Page MenuHomePhabricator

[SPIKE] Mint section identifiers
Closed, ResolvedPublic

Description

The current section topics algorithm doesn't have a way to generate section identifiers.
These are likely to be required by front-end clients to effectively retrieve a given section.
See comment in T312900#8105248.

Tasks

  • Check whether mediawikiparserfromhell has the same behavior as the MediaWiki API for section identifiers, see example

Highlights

  • I couldn't find an evident way to replicate the MediaWiki API behavior in mediawikiparserfromhell (mwp)
  • it's also known that mwp can't handle syntax elements produced by a template transclusion, see limitations. This is likely to entail that sections transclusion raised in T312900#8105248 can't be easily handled

Proposal

A minimum viable solution is to use the section absolute index as a simple identifier. This would be identical to the MediaWiki API index key, see for instance the section object in the example call:

{
    "toclevel": 1,
    "level": "2",
    "line": "Discografia",
    "number": "3",
    "index": "16",
    "fromtitle": "Ramones",
    "byteoffset": 94346,
    "anchor": "Discografia"
}

This is the 16th section that appears in the Ramones page on itwiki, regardless of its hierarchy level.

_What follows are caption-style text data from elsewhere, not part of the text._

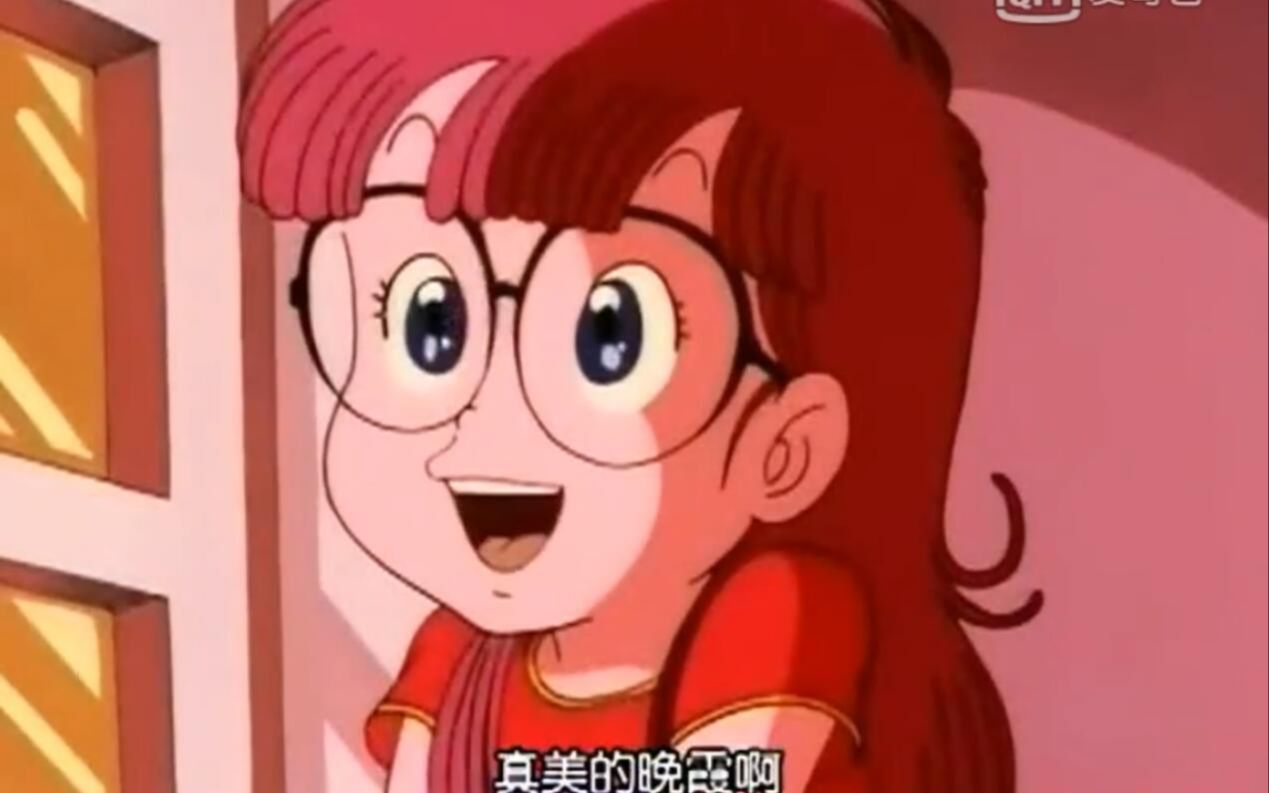 【比起性子顽皮捣蛋的阿拉蕾】我更喜欢这集爱学习温柔的阿拉蕾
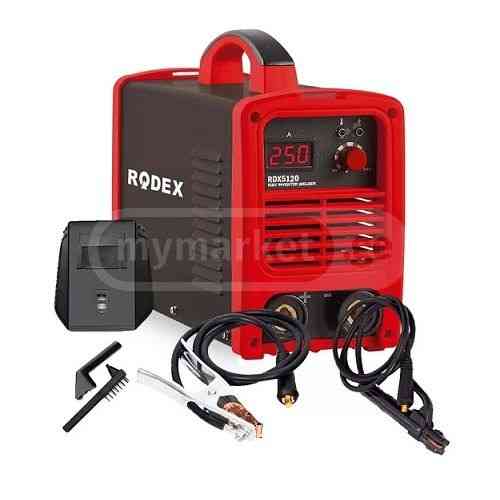 სვარკის აპარატი, შედუღების აპარატი Rodex rdx5120 თბილისი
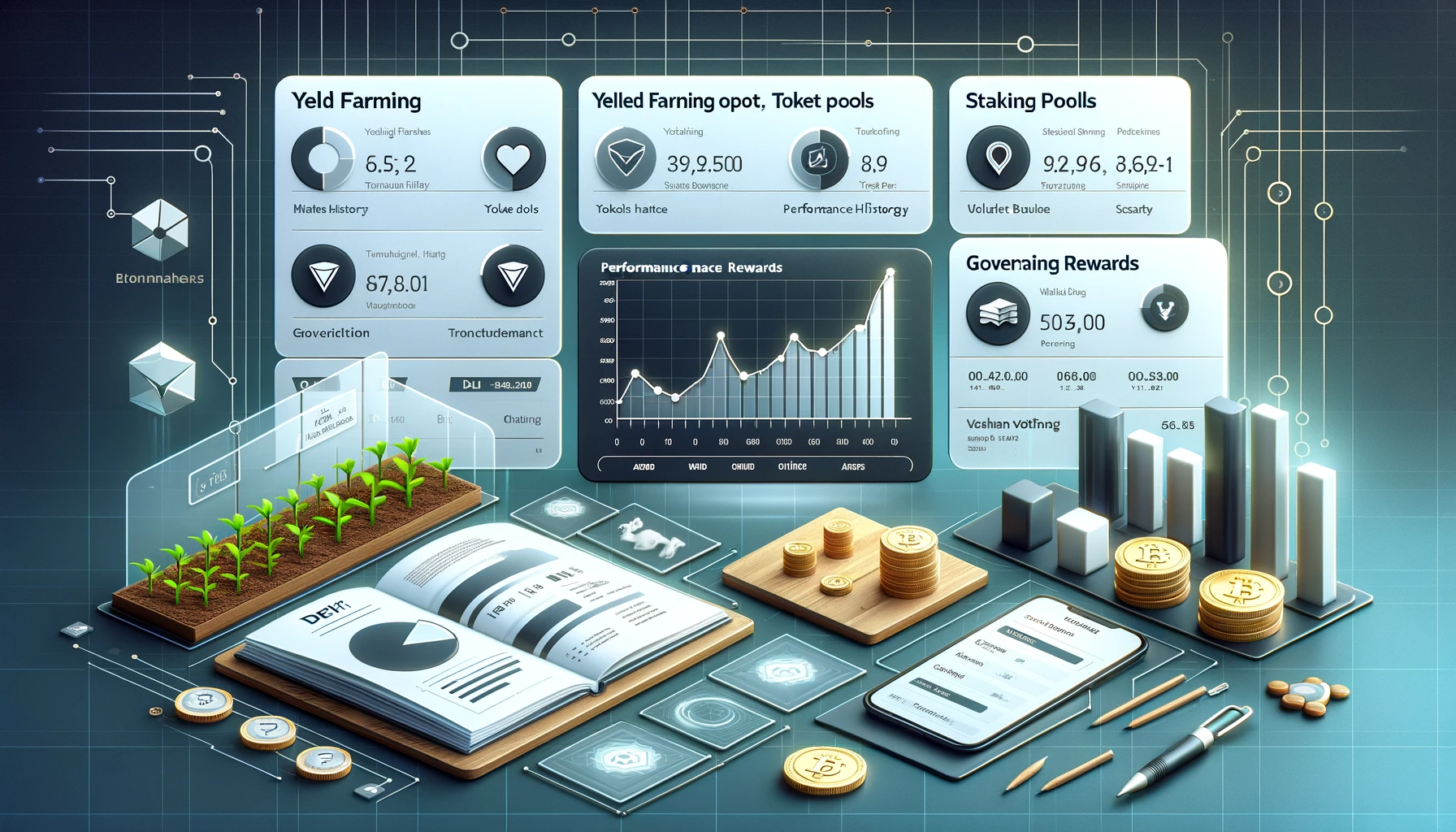 Descubre ExtraFi Farm: Maximiza Tus Ganancias en DeFi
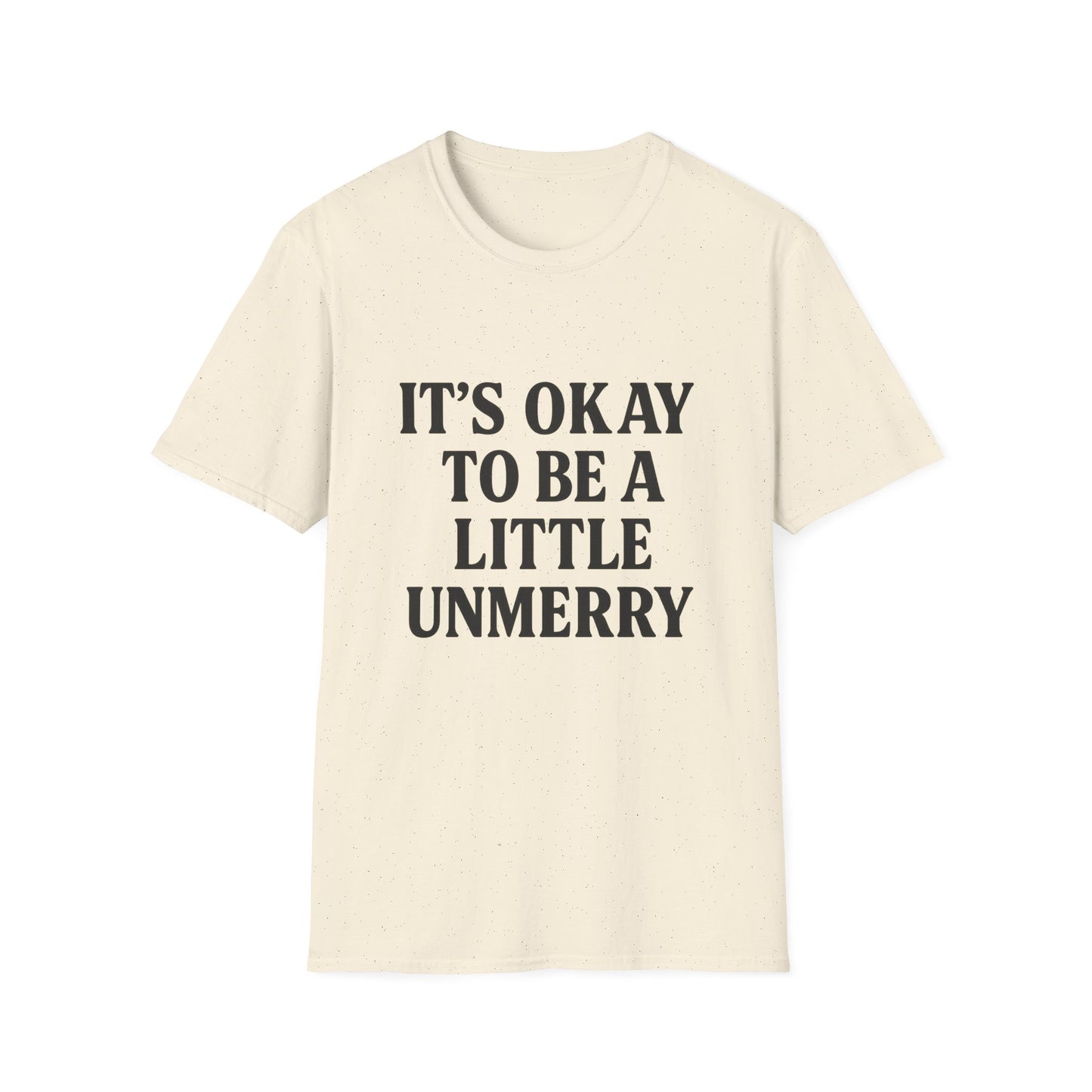 Unmerry  T-Shirt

The example dataset row given in T312900: [M] Design database model for section topics pipeline would become:

snapshotwiki_dbpage_namespacerevision_idpage_qidpage_idpage_titlesection_idsection_titletopic_qidtopic_titletopic_score
2022-07-11enwiki01066420146Q446428710391760Work_(painting)1background and influencesQ543626Lazzaroni_(Naples)2

Important note

Current Research code extracts sections at hierarchy level 2 exclusively.
Given the following dummy wikitext:

section zero
== section one ==
...
=== section one one ===
...
== section two ==
...
=== section two one ===
...
==== section two one one ====
...
==== section two one two ====
...
== section three ==
...

the code will extract a total of 3 sections, each holding their subsections:

[
    '== section one ==\n...\n=== section one one ===\n...',
    '== section two ==\n...\n=== section two one ===\n...\n==== section two one one ====\n...\n==== section two one two ====\n...',
    '== section three ==\n...'
]

Event Timeline

We're using mwparserfromhell. Given a wikitext, current Research code is: mwparserfromhell.parse(wikitext).get_sections(levels=[2], include_headings=True). This should extract h2-level sections and won't include the lead section. We can modify the behavior, but the lead section potentially contains infobox templates and the like, so not sure we want to parse that as well, what do you think?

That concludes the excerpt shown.